Archive for October, 2012

North Carolina, Virginia Continue Heated Debate on Tolling

Monday, October 29th, 2012

 

During North Carolina’s third and final Gubernatorial debate last week, former Charlotte Mayor Pat McCrory and Lieutenant Governor Walter Dalton were asked to expound on alternative funding methods for improving Interstate 95 after each had expressed opposition to tolling. Lt. Gov. Dalton reiterated that he would focus on public-private partnerships as well as gathering a larger share of federal highway dollars. McCrory, meanwhile, said he would seek to reform the federal formula used to allocate highway funds to ensure that North Carolina receives its share of federal money.
 
In Virginia, the pressure by businesses and residents along the I-95 corridor has some questioning if Gov. Bob McDonnell is beginning to rethink his I-95 tolling plan. During his “Ask the Governor” radio show in Richmond last week, Gov. McDonnell said he knows a toll would create a hardship for people living in the area, and maintained that a toll isn’t a done deal yet. This marks a shift from Gov. McDonnell’s long-standing position that tolls are the only solution to the state’s need for transportation revenues. While Gov. McDonnell said he is considering several options, he added that tolling, in his opinion, is the best one on the table right now.

WTVR, CBS 6 in Richmond is asking readers to weigh in on whether they support tolls on I-95 with an online poll. The Partnership to Save Highway Communities is encouraging members to vote ‘NO’ to the poll.
 

Court of Public Opinion Rejects Tolls on I-95

Friday, October 12th, 2012

The war against tolls on I-95 in Virginia and North Carolina is going to be won in the court of public opinion. And it’s increasingly clear that anti-tolling sentiment in both states is growing stronger by the day.

Virginia business leaders this week put up a series of billboards touting tolls as highway robbery. The effort, aimed at grabbing the attention of Gov. Bob McDonnell as well as the public, is funded by businesses that say toll booths on I-95 in Sussex County will stunt their economic growth.

In the neighboring state of North Carolina, the Winston-Salem Journal sharply criticized the tolling plan, writing in an editorial that the N.C. Department of Transportation (NCDOT) is about to waste $1.6 million assessing the economic impact of tolls on the interstate.

“DOT said it wanted to get a better idea of how tolls would impact business. We can save the state right here with the obvious answer: Tolls would hurt,” editors wrote in the Oct. 8 opinion. “DOT should save the $1.6 million and drop this whole notion of toll roads, too.”

N.C. gubernatorial candidate Pat McCrory came out against the DOT tolling plan during a luncheon with Roanoke Valley residents saying that I-95 is a federal responsibility that shouldn’t be maintained through local tolls.

N.C. state Rep. Elmer Floyd, as well as the Harnett County Board of Commissioners, also added their names to the list of  more than 35 groups, including counties and towns, chambers of commerce and school boards, opposed to the tolling plan.

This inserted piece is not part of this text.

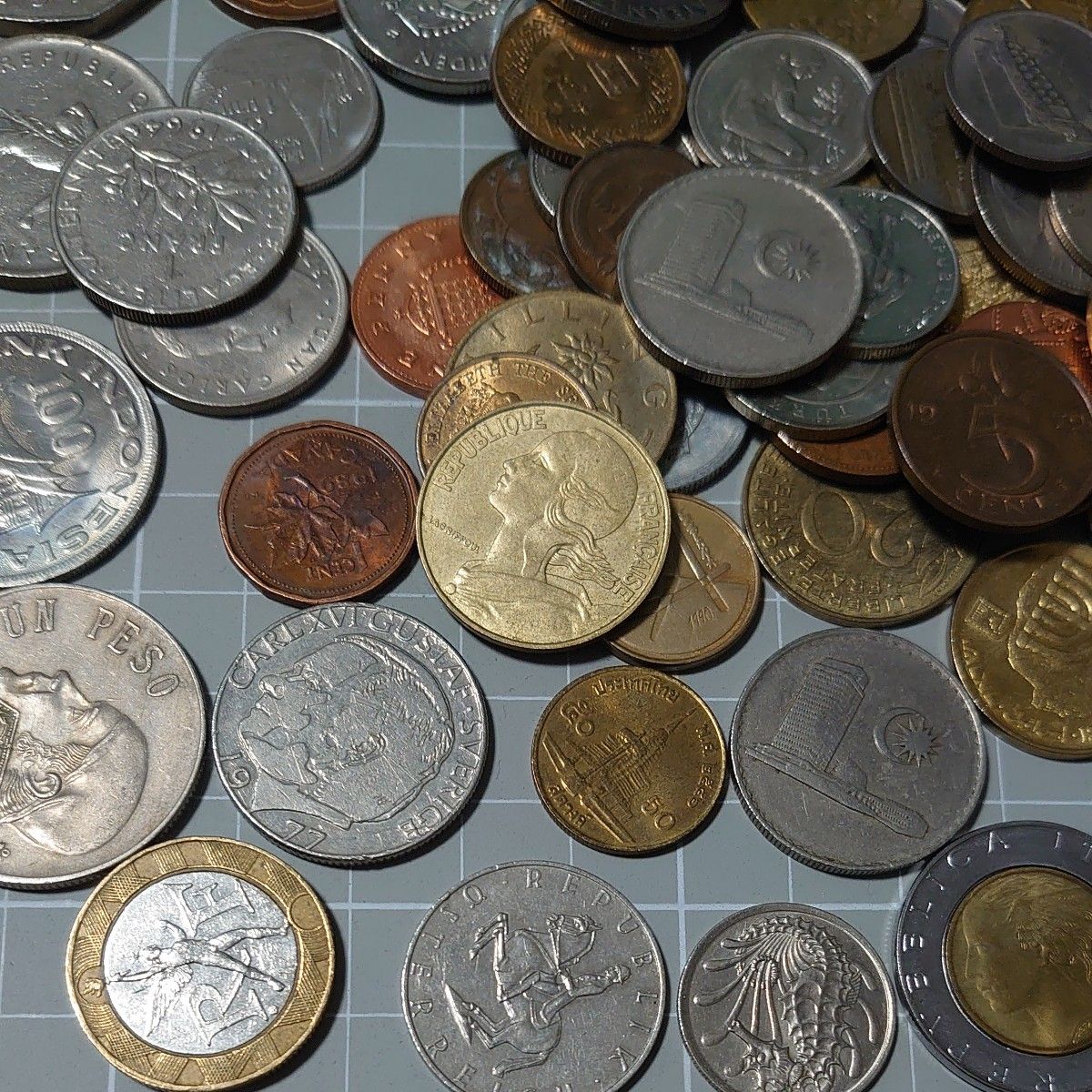 ② 外国コイン150枚セット 世界のコイン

What’s more, nearly 4,500 N.C. residents have now signed a petition against the plan.

Ernie Brame, the new chairman of the No Tolls on I-95 Coalition, summed it up best this week in the Wilson Times  when he said, “I have to fight for this road because the DOT is fighting against it.”

The public’s verdict is in: Virginia and North Carolina residents and businesses don’t want tolls.

The government should put tolls aside and move on to its next order of business.